Web page caption snippets
= = = = =

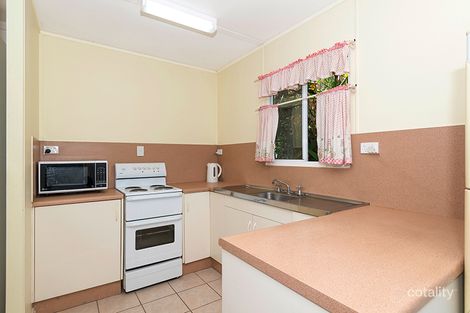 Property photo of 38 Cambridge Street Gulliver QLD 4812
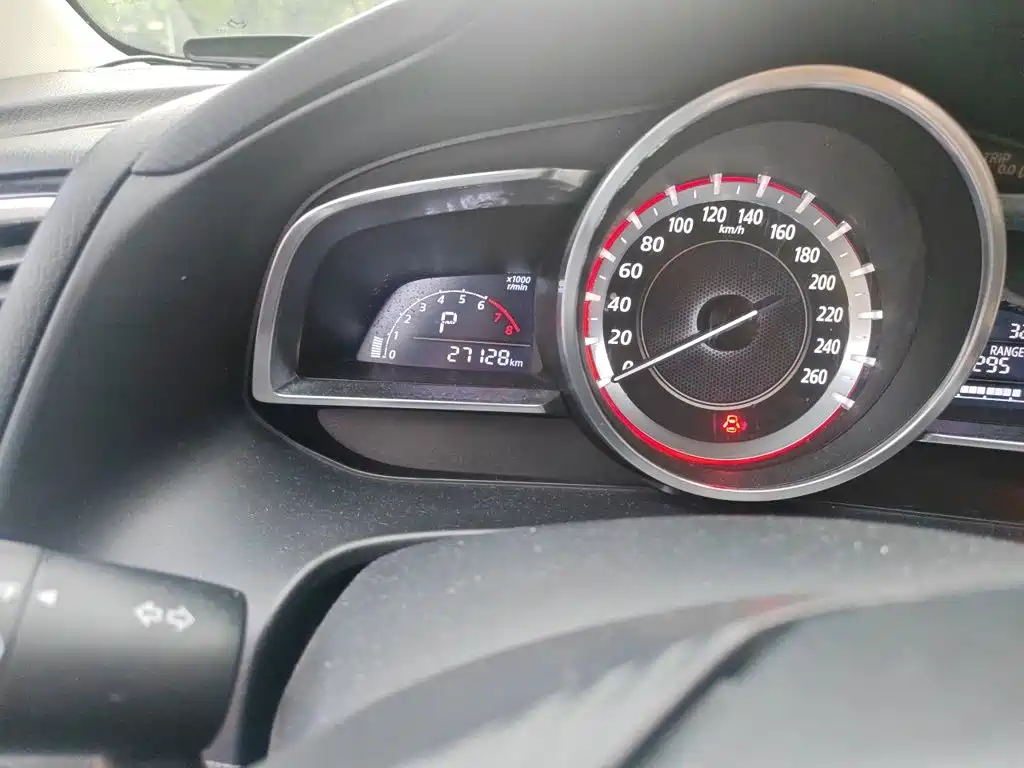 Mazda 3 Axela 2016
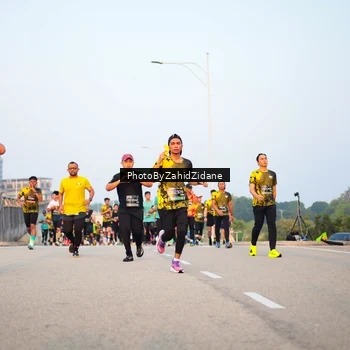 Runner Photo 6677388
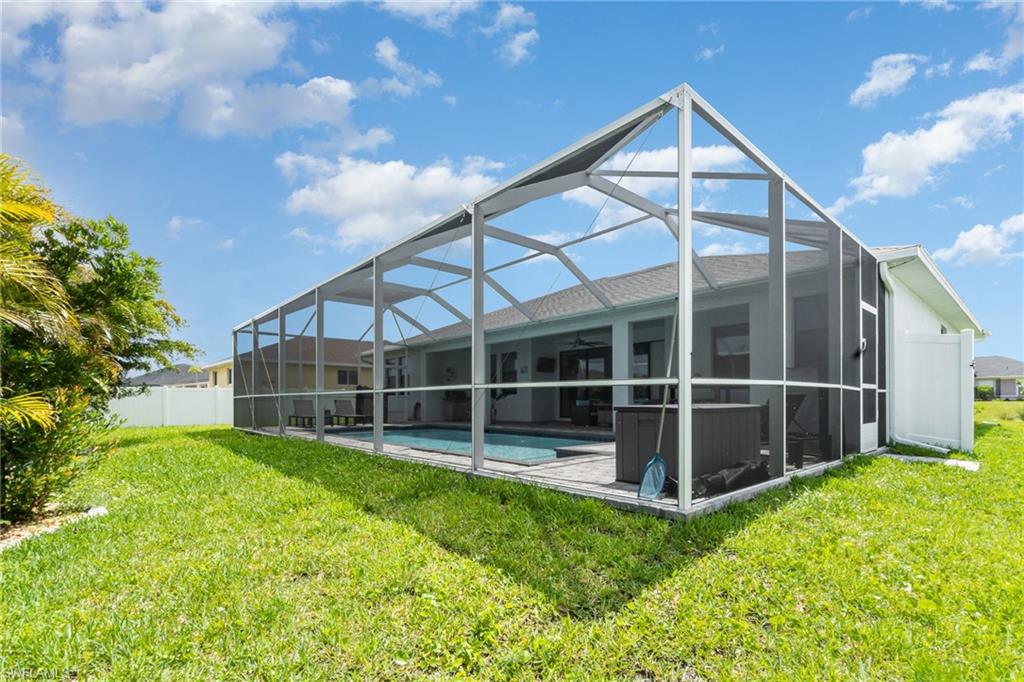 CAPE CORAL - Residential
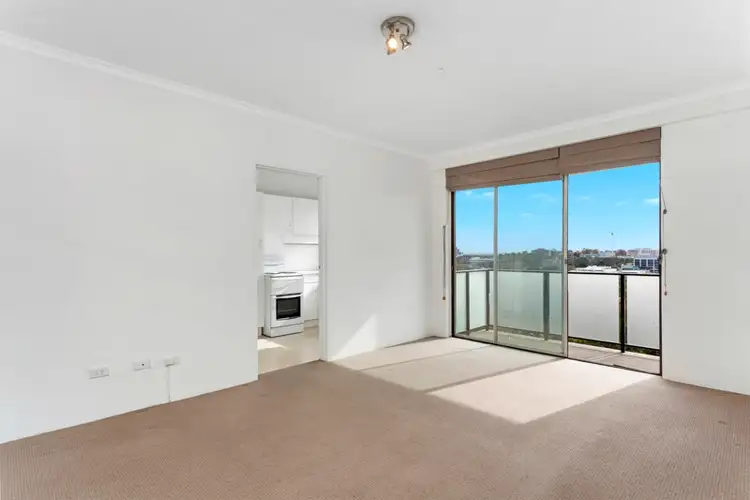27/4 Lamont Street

= = = = =

**What you will do**.
Could you return each entry word for word, with the images omitted?

**Final answer**.
 Property photo of 38 Cambridge Street Gulliver QLD 4812
 Mazda 3 Axela 2016
 Runner Photo 6677388
 CAPE CORAL - Residential
27/4 Lamont Street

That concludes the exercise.